Lorenzo Fontanesi, una dei più grandi allevatori della bassa reggiana nonché presidente di Opas, l'organizzazione dei produttori allevatori suini, suggerisce un ritorno al passato: «Personalmente ho scelto di allevare solo razze italiane. Gli ibridi hanno carni più magre e uno spessore di grasso inferiore ai due centimetri previsti dal disciplinare. Altro aspetto fondamentale è elevare da nove a dieci mesi l'età minima per la macellazione. Adottando questi accorgimenti la qualità del prosciutto crescerebbe in modo esponenziale. Favorendo, di conseguenza, i consumi».
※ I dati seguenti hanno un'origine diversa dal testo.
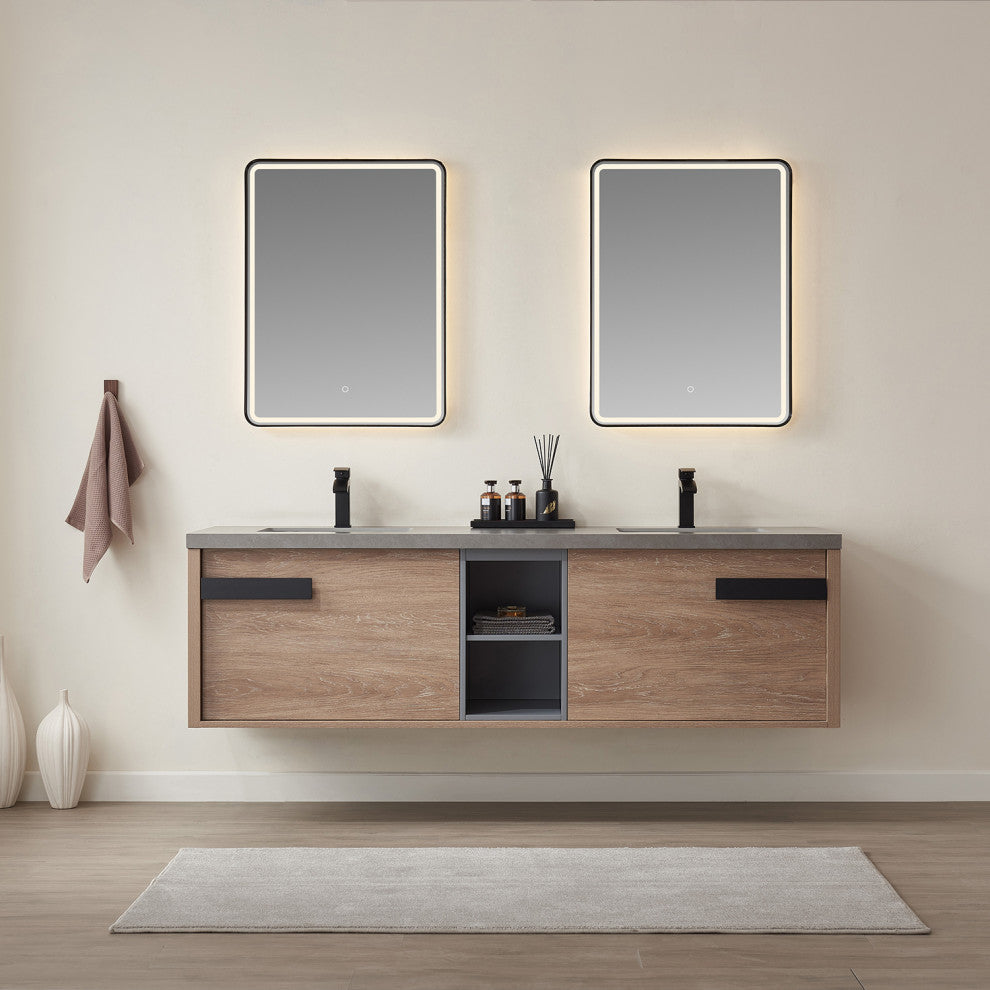 Carcastillo Bath Vanity, Oak With Sintered Stone Top, 72", With Mirror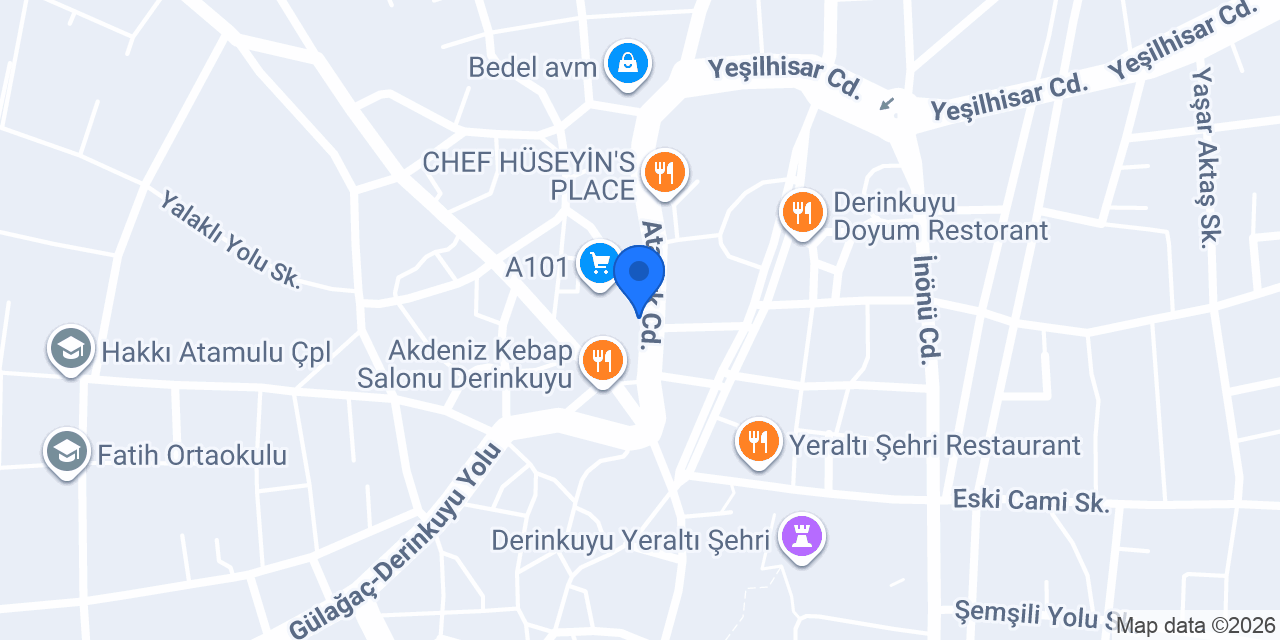 Derinkuyu Belediyesi konumu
Altro tema rimasto in sospeso è la possibilità da parte degli stagionatori di conservare nei loro impianti dei prosciutti di provenienza straniera che nulla hanno a che fare con quello del Consorzio. In Italia si stagionano 35 milioni di prosciutti crudi ma solo 11,5 milioni (9 milioni Parma e 2,5 San Daniele) sono Dop. Le denominazioni delle altre cosce di maiale sono le più svariate e ingannevoli, come per esempio il "prosciutto di montagna". La Coldiretti sostiene «che due prosciutti su tre che il consumatore porta in tavola sono italiani di nome e non di fatto».